The idea of file names being strings was no innovation. Yes, in crippled monstrosities like TOPS-10 file names were weird records -- I can still remember too much of the details -- and every ruddy TOPS-10 program had to do its own file name parsing and it seemed as if they all did it differently. But the B6700 MCP interfaces treated file names as strings before UNIX was dreamed of. File contents in UNIX are *not* strings and never have been -- NUL termination is no part of files and binary files have been commonplace since the beginning (an a.out file is not a string!). They are *byte arrays*. As for IPC, since when have System V shared memory, semaphores, or message queues had anything to do with strings? (Hint: the 'name' of a System V shared memory segment is a key_t, and that's an integral type, not a string. Hint: the 'name' of a System V semaphore is also a key_t integer, not a string. Hint: the 'name' of a System V message queue is also a key_t integer, not a string. Hint: messages sent using msgsnd are not strings, they are byte arrays with a separate count parameter. ) Classic UNIX uses strings for file names, and really, that's it. (The command line argv[] is not really an exception, because it was used for file names as well as options, and in fact mixing the two up caused endless problems.) Everything else in V7, S3, or SysV was identified by a *number*. Plan 9 has exit(string) but Unix has exit(byte). From the perspective of someone who used UNIX v6 in 1979, *POSIX* IPC -- with its IPC objects *might* be in the file system but then again might *not* be so their names are sorta-kinda-like file names but not really) -- and /proc are recent innovations. The idea that 'string' was even remotely like a "universal type" in UNIX is bizarre. Heck, UNIX never even used 'string' for *lines* in text files!
Of course when instructing a beginning programmer your basic premise 'Strings are Wrong!' is most likely right.
No, I'm talking about experienced programmers writing high performance programs.
However if programs are seen as entities interacting with an 'external' world, the currency at the portals is invariably string.
- The currency at the portals is *not* invariably string.

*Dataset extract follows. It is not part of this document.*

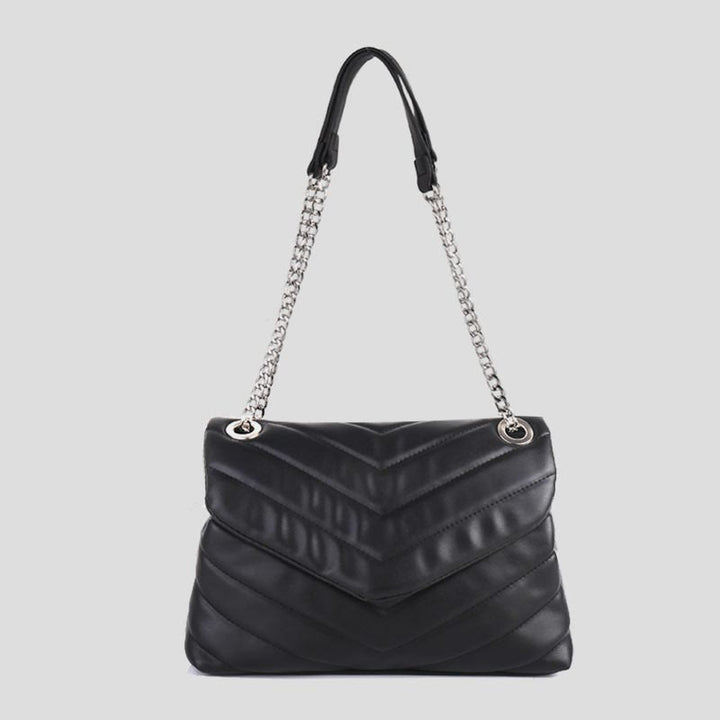 Umhängetasche für Damen, weiche Metallkette, V-förmige Kettenhandtasche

Learn PowerShell. - "Text" is one thing and "string" is another. This was the B6700 lesson (well, really the B5500 lesson): for many purposes you want a text *stream* not a text *string* at the interface. It's also the what-Smalltalk-got-right-and-Java-got-wrong lesson: the right way to convert objects to text is via a *stream* interface, not a *string* interface.
And more than just noob programmers have got this wrong – think of the precious one-byte opcodes that Intel wastes on ascii and decimal arithmetic.
Hang on, they are there in order to *support* the "numbers are text" model. You can't have it both ways.
So while this is true:
If bar is predefined, it *isn't* the string 'b':'a':'r':[]. If bar is a number, it *isn't* a string. So "other strings" is quite misleading.
in the innards of haskell, bar is a string
No, in the innards of Haskell, bar is possibly a number, possibly a pointer to some sort of record, possibly some other data structure, but almost certainly *not* a string.